Wenn mein Volk sich demütigt

2. Chronik 7,1-22 (14)

„Und dann mein Volk, über das mein Name genannt ist, sich demütigt, dass sie beten und mein Angesicht suchen und sich von ihren bösen Wegen bekehren, so will ich vom Himmel her hören und ihre Sünde vergeben und ihr Land heilen.“

Nachdem Salomo sein Gebet beendet hatte, ließ Gott Feuer vom Himmel fallen, das die Opfer verzehrte, und er erfüllte mit seiner Herrlichkeit den Tempel. Dadurch bestätigte er für alle Anwesenden, dass er Salomos Gebet angenommen hatte.
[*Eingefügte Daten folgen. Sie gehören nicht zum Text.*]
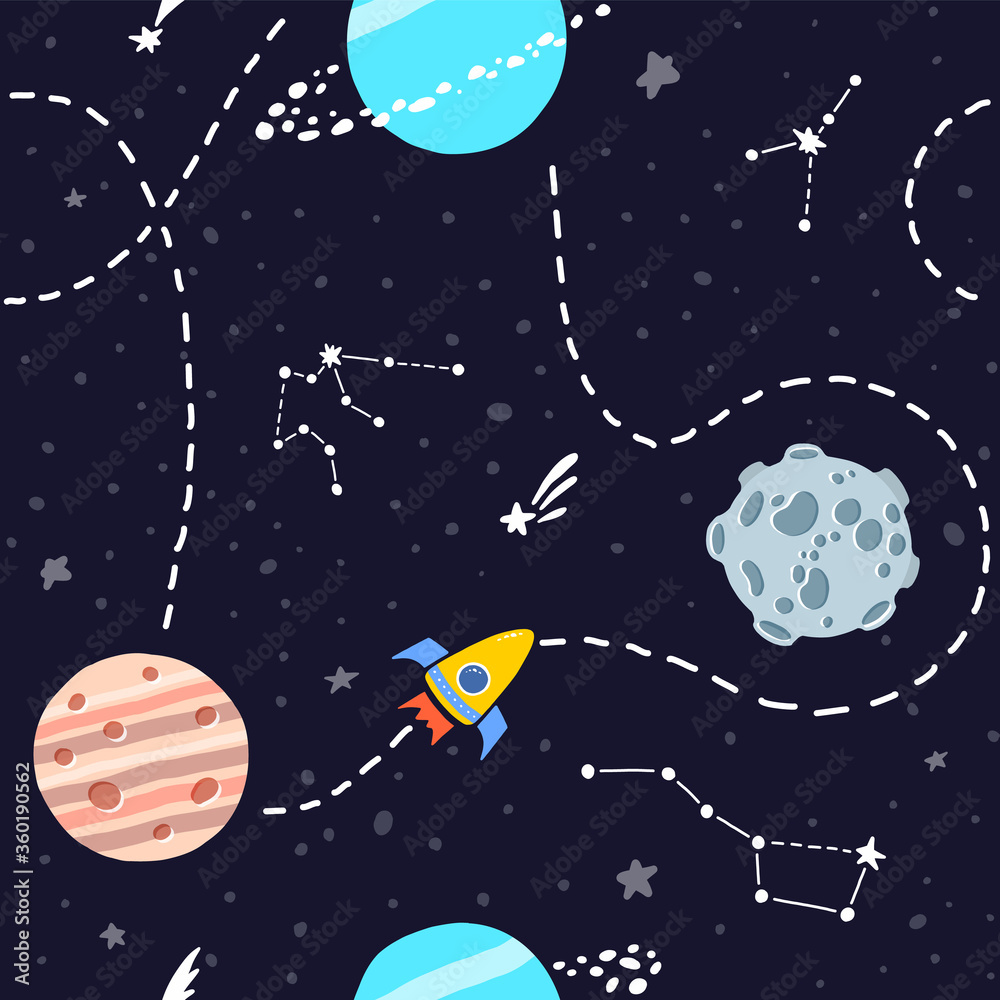 Fototapeta premium Space pattern with planets and stars. Cute design 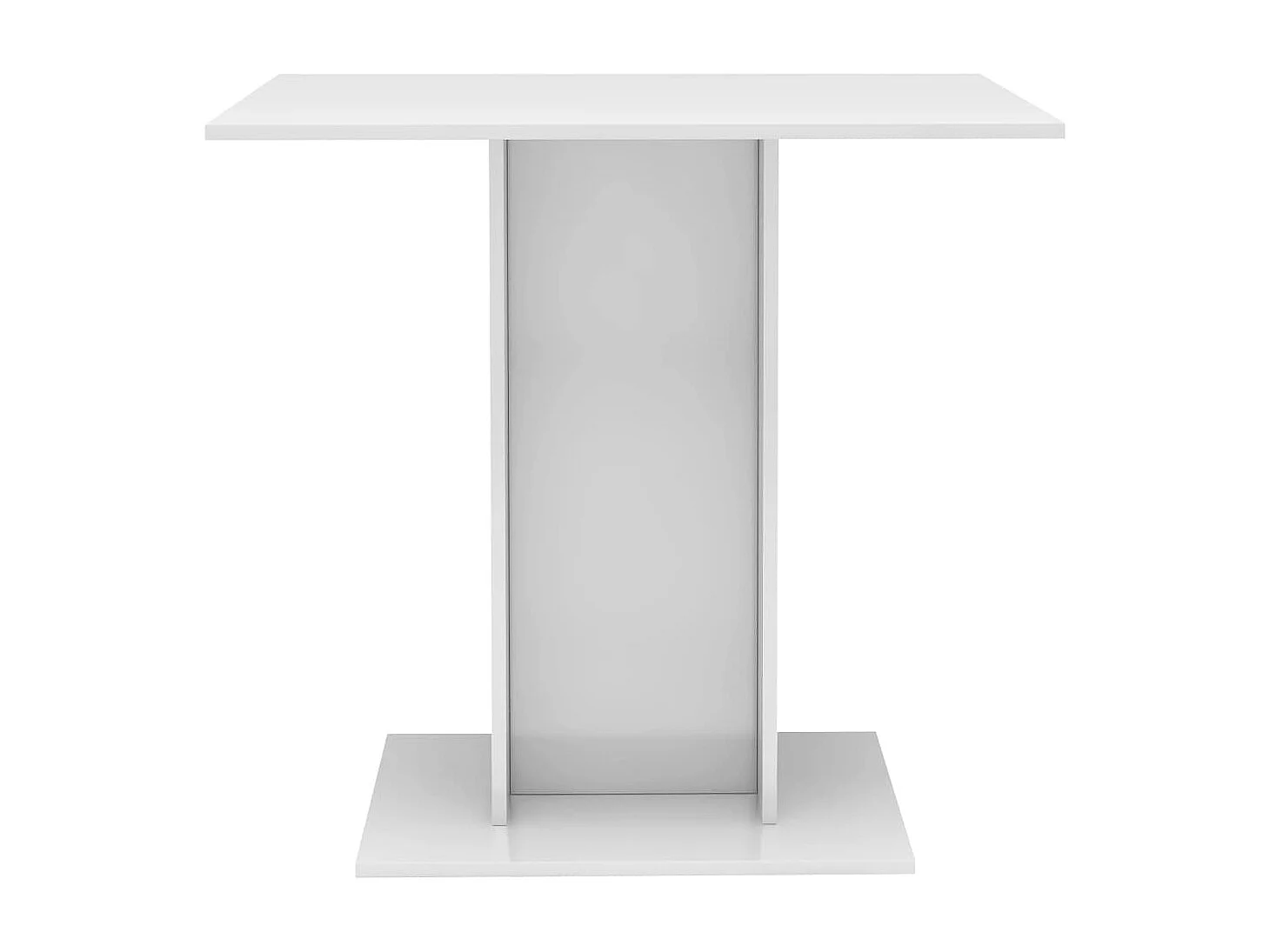 Eettafel 80x80x75 cm bewerkt hout hoogglans wit NL662538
Der König und das Volk brachten ein gewaltiges Opfer als Zeichen ihrer Hingabe an Gott. Sie feierten die Tempeleinweihung sieben Tage und anschließend das Laubhüttenfest weitere sieben Tage. Die Freude war überwältigend. Doch Gott sucht immer auch die persönliche Beziehung zu den Menschen. Deshalb besuchte er Salomo des Nachts noch einmal zu einem „Vier-Augen-Gespräch“. Er hatte sein Gebet erhört und den Tempel als Ort des Gebetes und Opferhauses angenommen. Wenn Gottes Volk durch seine Sünde Gottes Strafe erführe und sich dann vor ihm demütige und Buße tue, dann wolle Gott ihre Sünde vergeben und ihr Land heilen. Wenn sie aber sich anderen Göttern zuwenden, würde Gott sie aus ihrem Land ausreißen und auch den Tempel verwerfen. Auch Salomo sollte vor Gott wandeln. Wir dürfen Gottes Segen nicht als selbstverständlich nehmen. Wir sollen seinem Wort aufrichtig folgen und auch für unser Land beten, dass die Menschen demütig zu Gott umkehren.

Gebet: Herr, danke, dass du vergibst und heilst, wenn ich mit demütigem Herzen dein Angesicht suche.

Ein Wort: Demütige dich vor Gott!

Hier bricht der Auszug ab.